# Prep sentences

In this notebook, I prepare the semantically bleached template sentences.

### Table of Contents:
- [1. Set up templates, targets, and attributes](#1-set-up-templates-targets-and-attributes)
- [2. Populate templates with targets and attributes](#2-populate-templates-with-targets-and-attributes)

In [1]:
# Import dependencies
import pandas as pd

In [11]:
# Declare variables
LEXICON_INPUT_PATH = '../data/input/lexicon.csv' # processed lexicon that is ready for use (created in ./prep_lexicon.ipynb)
SENTENCES_INPUT_PATH = '../data/input/sentences.csv' # processed sentences that is ready for use (created in this notebook)

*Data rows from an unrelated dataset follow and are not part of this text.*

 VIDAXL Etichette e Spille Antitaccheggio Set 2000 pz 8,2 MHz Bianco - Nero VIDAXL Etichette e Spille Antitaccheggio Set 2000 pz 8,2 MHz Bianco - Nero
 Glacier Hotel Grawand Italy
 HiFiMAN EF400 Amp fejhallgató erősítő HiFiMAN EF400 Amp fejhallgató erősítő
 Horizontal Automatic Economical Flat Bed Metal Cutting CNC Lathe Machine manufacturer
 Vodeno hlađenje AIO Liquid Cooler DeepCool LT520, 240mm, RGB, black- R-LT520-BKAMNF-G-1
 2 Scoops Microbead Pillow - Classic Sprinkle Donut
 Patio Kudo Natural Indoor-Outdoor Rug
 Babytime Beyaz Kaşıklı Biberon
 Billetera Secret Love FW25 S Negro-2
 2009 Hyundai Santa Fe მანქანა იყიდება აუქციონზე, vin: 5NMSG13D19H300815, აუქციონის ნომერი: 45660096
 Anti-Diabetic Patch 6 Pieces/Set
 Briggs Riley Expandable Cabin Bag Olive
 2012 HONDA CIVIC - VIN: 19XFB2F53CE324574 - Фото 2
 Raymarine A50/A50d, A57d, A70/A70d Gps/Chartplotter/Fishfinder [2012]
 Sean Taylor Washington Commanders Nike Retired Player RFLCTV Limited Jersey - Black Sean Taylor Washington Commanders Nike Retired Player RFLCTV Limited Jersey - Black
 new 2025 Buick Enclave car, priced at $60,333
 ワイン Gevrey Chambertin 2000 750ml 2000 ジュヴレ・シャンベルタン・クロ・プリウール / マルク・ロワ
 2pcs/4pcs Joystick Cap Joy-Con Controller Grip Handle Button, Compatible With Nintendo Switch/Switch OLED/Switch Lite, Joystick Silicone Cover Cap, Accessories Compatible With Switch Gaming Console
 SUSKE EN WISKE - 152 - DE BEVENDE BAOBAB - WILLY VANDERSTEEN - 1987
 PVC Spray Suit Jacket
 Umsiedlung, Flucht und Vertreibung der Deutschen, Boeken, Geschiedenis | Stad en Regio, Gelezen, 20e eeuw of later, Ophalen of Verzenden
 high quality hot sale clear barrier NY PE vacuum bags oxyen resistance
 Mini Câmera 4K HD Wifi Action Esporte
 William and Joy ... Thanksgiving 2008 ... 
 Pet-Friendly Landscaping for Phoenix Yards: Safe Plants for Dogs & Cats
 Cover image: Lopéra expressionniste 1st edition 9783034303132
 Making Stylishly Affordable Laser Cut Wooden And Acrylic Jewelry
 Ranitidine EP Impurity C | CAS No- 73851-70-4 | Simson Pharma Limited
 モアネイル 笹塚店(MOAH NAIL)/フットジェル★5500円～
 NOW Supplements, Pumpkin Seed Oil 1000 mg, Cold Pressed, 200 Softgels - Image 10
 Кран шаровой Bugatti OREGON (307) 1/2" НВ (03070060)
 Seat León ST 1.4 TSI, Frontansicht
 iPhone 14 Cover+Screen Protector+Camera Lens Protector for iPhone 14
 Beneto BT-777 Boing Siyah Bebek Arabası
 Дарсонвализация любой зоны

## 1. Set up templates, targets, and attributes

Templates: 
- A [TARGET] person is [ATTRIBUTE].
- [TARGET] people are [ATTRIBUTE].
- A person who is [TARGET] is [ATTRIBUTE]. 
- People who are [TARGET] are [ATTRIBUTE].

Targets: 
- disabled/abled
- deaf/hearing
- blind/sighted

Attributes are from the extended lexicon created by [Nicolas et al. (2021)](https://onlinelibrary.wiley.com/doi/epdf/10.1002/ejsp.2724), and in `./prep_lexicon.ipynb` I prepared and saved them to `LEXICON_INPUT_PATH`.

In [7]:
templates = {'person_first': ['A person who is [TARGET] is [ATTRIBUTE].', 
                              'People who are [TARGET] are [ATTRIBUTE].'], 
             'identity_first': ['A [TARGET] person is [ATTRIBUTE].', 
                                '[TARGET] people are [ATTRIBUTE].']}

targets = ['deaf', 'hearing', 'blind', 'sighted', 'disabled', 'abled']

# Load lexicon
scm_df = pd.read_csv(LEXICON_INPUT_PATH)
scm_df.head()

Unnamed: 0,Attribute,Unsociable,Sociable,Immoral,Moral,Dependent,Independent,Unable,Able
0,aberrant,False,False,True,False,False,False,False,False
1,abhorrent,False,False,True,False,False,False,False,False
2,abject,False,False,False,False,True,False,False,False
3,able,False,False,False,False,False,False,False,True
4,abnormal,False,False,True,False,False,False,False,False


## 2. Populate templates with targets and attributes

Requirements: 
- Source data frame has an "Attribute" column
- We have defined templates in this notebook
- We have defined targets in this notebook

Notes: 
- This code can deal with multi-word attributes (but we don't have any, as explained in `./prep_lexicon.ipynb`).
- This code can only deal with single-word targets.

In [8]:
def process_df(source_df):
    target_token = '[TARGET]'
    attribute_token = '[ATTRIBUTE]'
    mask_token = '[MASK]'
    dataframes = []

    for target in targets:
        for template_type, template_list in templates.items(): 
            for template in template_list:
                if target == 'abled': # FIX GRAMMAR HERE FOR ANY TARGETS THAT NEED FIXING 
                    template = template.replace('A [TARGET]', 'An [TARGET]')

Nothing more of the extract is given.